The short answer is “yes.” Some schools always ask for it and expect it (Cornell and Washington University in St. Louis). Every year, colleges tell me that they want to see that kids are engaged. Studies have shown that children who take part in after-school programs can enjoy the benefit of an academic boost. In fact, such studies showed that students who took part in regular after-school programs performed better academically than their peers who did not attend after-school activities.
Time management is key Students who take part in extracurricular activities are taught how to effectively manage their time. This is an excellent way to teach time management and help students learn how to keep their priorities in line which helps tremendously in college.

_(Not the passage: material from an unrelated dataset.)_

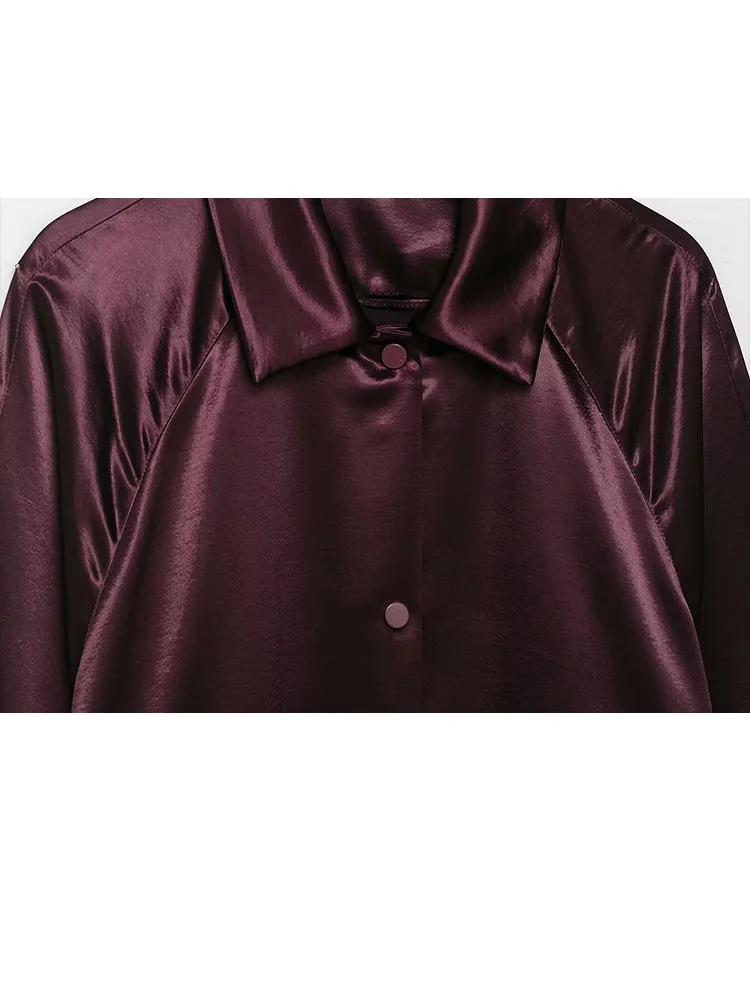 HH المرأة الخريف موضة خمر التلبيب واحدة الصدر قميص فضفاض سترة الإناث الحرير الساتان محكم معطف طويل الأكمام Mujer #3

Giving back to the community Students who give back to their communities learn the importance of lending a helping hand and it also provides them with a way to network with other people in the community, which can be of the utmost help after graduation for college admission and securing employment.
So, how do they create one? First, you can help your child keep track of everything they have accomplished and been involved in since the beginning of high school. Making a list will suffice until they have to format it more formally.
How is creating a resume different from filling out the Activities Section on the Common Application? Basically, the information is the same, but it is formatted differently and can be found in another part of the application. Duplicating information is not ideal; you should provide the exact information the college is requesting. If your child “overdelivers” in providing information, this may have a positive impact on the college representative evaluating the resume and application.
What are they expecting? Colleges are expecting honesty and accurate accounting of time spent. Making up activities is not acceptable. The activities may be verified by the student’s school counselor.
Do you have a template? Yes, we do have a template! See our resources page for more information.
Here are a few other helpful tips to use in the creation of a resume:
Use active verbs to describe roles and positions (i.e. Volunteered, participated, performed, assisted).
List the most important activities first.
Do not use acronyms; spell out the names of the actual organizations.
Bring the resume with you to interviews with admissions counselors and alumni interviewers, and provide it to them at the very beginning of the interview.